Don’t you set down on the steps
’Cause you finds it’s kinder hard.
Don’t you fall now—
For I’se still goin’, honey,
I’se still climbin’,
And life for me ain’t been no crystal stair.
- Mother to Son by Langston Hughes
On July 22nd, I departed the United States. This departure signifies the official beginning of my journey as an expat, a major milestone in my life. I’m writing you from Spain, my final destination before relocating to Asia next week. My trip to Spain provided a wonderful change of pace, offering me the perfect opportunity to reflect and write.
I’m now 25 years old, and for the first time in my life, I feel truly wealthy. Many have more money, but that's only one form of wealth. My definition of wealth includes independence (Độc lập), freedom (Tự Do), happiness (Hạnh Phúc), free time, economic security, community, peace of mind, and few obligations. I’m blessed to say I’ve had all of these forms of wealth in abundance over the past four months.
Taking time to realign my life was the best decision I've ever made. My break from work felt like a breath of fresh air. It allowed me to catch up on life, relax, reconnect with friends and family, get inspired, and ultimately rediscover the joy in life.
“Some people die at 25 and aren’t buried until 75” – Ben Franklin
In many ways, I feel like I've died and come back to life. I've grown to enjoy cities I previously hated. I find beauty in birds chirping and train tracks clanking, minutiae I ignored my entire life. This is the most joyful I've ever felt, and I thank my friends and family for making this possible.
The journey here was filled with adversity, but as Fat Joe says, “Tough people last, tough times don’t.” I spent many years as a young professional and child feeling unhappy, angry, and anxious. Many of us experience these growing pains in life and work. Thankfully, the combination of great community, hard work, Stoicism, and Buddhism transformed my outlook on life.

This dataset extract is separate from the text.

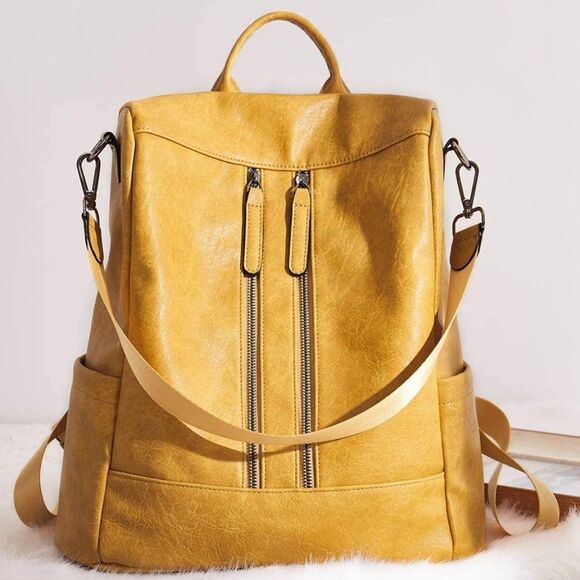 OLYE Leather Backpack for Women- YELLOW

“Don’t hope that events will turn out the way you want, welcome events in whichever way they happen: this is the path to peace.” – Epictetus
Not too long ago, I was much less grounded. I resented many things: being the poor, fatherless kid in a room full of affluent, two-parent households; working for "assholes;" and feeling like things would be better if my skin color were just a few shades lighter. Today, I'm grateful for all of these experiences. Each experience, good and bad, built me into a better version of myself.
The journey I've undertaken for the past four months helped me see this clearly. Since quitting in April, I've stayed with friends and family in San Francisco, Puerto Rico, Boston, Philadelphia, Washington DC, New Jersey, Connecticut, Wassaic, New York City, and Marbella (Spain).
Staying with friends and family kept my expenses low, opened doors to new cultures and experiences, and gave me the perspectives and support I needed to recharge and push forward toward my next life. Leaving the United States on my own terms was liberating, and I wouldn't trade these experiences for the world.
I call my blog "The Harvest," and now, for the first time, it feels like I'm reaping the fruits of the seeds I’ve sown. For the past 15 years, especially the most recent ones on Wall Street, I made countless and sometimes unnecessary sacrifices. Among my friends, I'm notorious for working instead of partying, walking instead of Ubering, and skipping meals I deem overpriced.
My uncle Tony once said, “We don’t have to squeeze every last penny out of life,” and those words resonate more now than ever. I’m beginning to finally find balance, and though the process of finding balance is filled with trial and error, I’m grateful for each step of the process. Amor Fati.